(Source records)
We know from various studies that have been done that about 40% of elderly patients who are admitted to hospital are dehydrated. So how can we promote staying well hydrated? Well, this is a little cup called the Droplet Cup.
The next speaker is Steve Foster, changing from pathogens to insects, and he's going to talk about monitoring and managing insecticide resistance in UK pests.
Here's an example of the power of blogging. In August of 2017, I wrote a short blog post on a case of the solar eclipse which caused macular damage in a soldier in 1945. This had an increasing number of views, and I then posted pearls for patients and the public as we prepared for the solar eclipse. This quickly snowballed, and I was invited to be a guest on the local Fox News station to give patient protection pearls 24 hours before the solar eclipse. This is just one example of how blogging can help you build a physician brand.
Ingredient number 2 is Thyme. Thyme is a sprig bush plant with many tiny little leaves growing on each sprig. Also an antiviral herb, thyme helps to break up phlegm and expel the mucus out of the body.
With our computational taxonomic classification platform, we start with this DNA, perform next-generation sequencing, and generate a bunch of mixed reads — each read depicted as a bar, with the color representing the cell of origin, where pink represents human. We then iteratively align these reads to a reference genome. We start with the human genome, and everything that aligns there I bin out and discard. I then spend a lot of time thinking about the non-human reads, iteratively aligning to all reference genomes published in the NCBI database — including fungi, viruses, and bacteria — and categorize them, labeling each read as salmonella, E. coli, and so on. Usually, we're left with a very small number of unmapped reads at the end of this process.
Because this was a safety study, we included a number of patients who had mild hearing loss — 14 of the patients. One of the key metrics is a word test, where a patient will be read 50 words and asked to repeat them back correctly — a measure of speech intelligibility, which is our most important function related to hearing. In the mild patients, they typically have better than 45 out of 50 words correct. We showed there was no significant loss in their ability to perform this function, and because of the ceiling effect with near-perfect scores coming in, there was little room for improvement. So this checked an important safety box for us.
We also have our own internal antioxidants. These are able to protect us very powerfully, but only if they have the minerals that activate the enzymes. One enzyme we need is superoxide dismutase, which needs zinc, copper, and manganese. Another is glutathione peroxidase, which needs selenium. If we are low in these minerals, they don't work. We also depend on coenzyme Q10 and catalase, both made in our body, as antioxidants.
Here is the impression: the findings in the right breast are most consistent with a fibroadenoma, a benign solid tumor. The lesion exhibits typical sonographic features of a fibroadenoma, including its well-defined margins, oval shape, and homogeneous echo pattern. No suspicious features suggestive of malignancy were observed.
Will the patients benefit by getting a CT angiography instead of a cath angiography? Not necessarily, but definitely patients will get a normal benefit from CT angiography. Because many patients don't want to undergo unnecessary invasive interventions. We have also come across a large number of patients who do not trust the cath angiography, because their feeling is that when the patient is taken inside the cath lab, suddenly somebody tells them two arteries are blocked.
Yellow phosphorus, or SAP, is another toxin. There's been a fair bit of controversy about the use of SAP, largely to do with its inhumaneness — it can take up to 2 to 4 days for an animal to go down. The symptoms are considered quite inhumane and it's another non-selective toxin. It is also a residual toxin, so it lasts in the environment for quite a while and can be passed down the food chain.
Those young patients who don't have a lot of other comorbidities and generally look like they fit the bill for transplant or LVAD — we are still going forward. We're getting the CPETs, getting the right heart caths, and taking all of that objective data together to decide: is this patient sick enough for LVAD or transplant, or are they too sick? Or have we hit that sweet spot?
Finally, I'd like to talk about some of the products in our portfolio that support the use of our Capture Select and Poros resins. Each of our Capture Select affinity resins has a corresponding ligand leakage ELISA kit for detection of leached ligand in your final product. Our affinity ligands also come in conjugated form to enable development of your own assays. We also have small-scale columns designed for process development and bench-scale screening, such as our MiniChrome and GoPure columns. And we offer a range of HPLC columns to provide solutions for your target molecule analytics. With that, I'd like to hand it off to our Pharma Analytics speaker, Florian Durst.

§ Activity
Retype each entry exactly, missing none.

§ Solution to the problem
We know from various studies that have been done that about 40% of elderly patients who are admitted to hospital are dehydrated. So how can we promote staying well hydrated? Well, this is a little cup called the Droplet Cup.
The next speaker is Steve Foster, changing from pathogens to insects, and he's going to talk about monitoring and managing insecticide resistance in UK pests.
Here's an example of the power of blogging. In August of 2017, I wrote a short blog post on a case of the solar eclipse which caused macular damage in a soldier in 1945. This had an increasing number of views, and I then posted pearls for patients and the public as we prepared for the solar eclipse. This quickly snowballed, and I was invited to be a guest on the local Fox News station to give patient protection pearls 24 hours before the solar eclipse. This is just one example of how blogging can help you build a physician brand.
Ingredient number 2 is Thyme. Thyme is a sprig bush plant with many tiny little leaves growing on each sprig. Also an antiviral herb, thyme helps to break up phlegm and expel the mucus out of the body.
With our computational taxonomic classification platform, we start with this DNA, perform next-generation sequencing, and generate a bunch of mixed reads — each read depicted as a bar, with the color representing the cell of origin, where pink represents human. We then iteratively align these reads to a reference genome. We start with the human genome, and everything that aligns there I bin out and discard. I then spend a lot of time thinking about the non-human reads, iteratively aligning to all reference genomes published in the NCBI database — including fungi, viruses, and bacteria — and categorize them, labeling each read as salmonella, E. coli, and so on. Usually, we're left with a very small number of unmapped reads at the end of this process.
Because this was a safety study, we included a number of patients who had mild hearing loss — 14 of the patients. One of the key metrics is a word test, where a patient will be read 50 words and asked to repeat them back correctly — a measure of speech intelligibility, which is our most important function related to hearing. In the mild patients, they typically have better than 45 out of 50 words correct. We showed there was no significant loss in their ability to perform this function, and because of the ceiling effect with near-perfect scores coming in, there was little room for improvement. So this checked an important safety box for us.
We also have our own internal antioxidants. These are able to protect us very powerfully, but only if they have the minerals that activate the enzymes. One enzyme we need is superoxide dismutase, which needs zinc, copper, and manganese. Another is glutathione peroxidase, which needs selenium. If we are low in these minerals, they don't work. We also depend on coenzyme Q10 and catalase, both made in our body, as antioxidants.
Here is the impression: the findings in the right breast are most consistent with a fibroadenoma, a benign solid tumor. The lesion exhibits typical sonographic features of a fibroadenoma, including its well-defined margins, oval shape, and homogeneous echo pattern. No suspicious features suggestive of malignancy were observed.
Will the patients benefit by getting a CT angiography instead of a cath angiography? Not necessarily, but definitely patients will get a normal benefit from CT angiography. Because many patients don't want to undergo unnecessary invasive interventions. We have also come across a large number of patients who do not trust the cath angiography, because their feeling is that when the patient is taken inside the cath lab, suddenly somebody tells them two arteries are blocked.
Yellow phosphorus, or SAP, is another toxin. There's been a fair bit of controversy about the use of SAP, largely to do with its inhumaneness — it can take up to 2 to 4 days for an animal to go down. The symptoms are considered quite inhumane and it's another non-selective toxin. It is also a residual toxin, so it lasts in the environment for quite a while and can be passed down the food chain.
Those young patients who don't have a lot of other comorbidities and generally look like they fit the bill for transplant or LVAD — we are still going forward. We're getting the CPETs, getting the right heart caths, and taking all of that objective data together to decide: is this patient sick enough for LVAD or transplant, or are they too sick? Or have we hit that sweet spot?
Finally, I'd like to talk about some of the products in our portfolio that support the use of our Capture Select and Poros resins. Each of our Capture Select affinity resins has a corresponding ligand leakage ELISA kit for detection of leached ligand in your final product. Our affinity ligands also come in conjugated form to enable development of your own assays. We also have small-scale columns designed for process development and bench-scale screening, such as our MiniChrome and GoPure columns. And we offer a range of HPLC columns to provide solutions for your target molecule analytics. With that, I'd like to hand it off to our Pharma Analytics speaker, Florian Durst.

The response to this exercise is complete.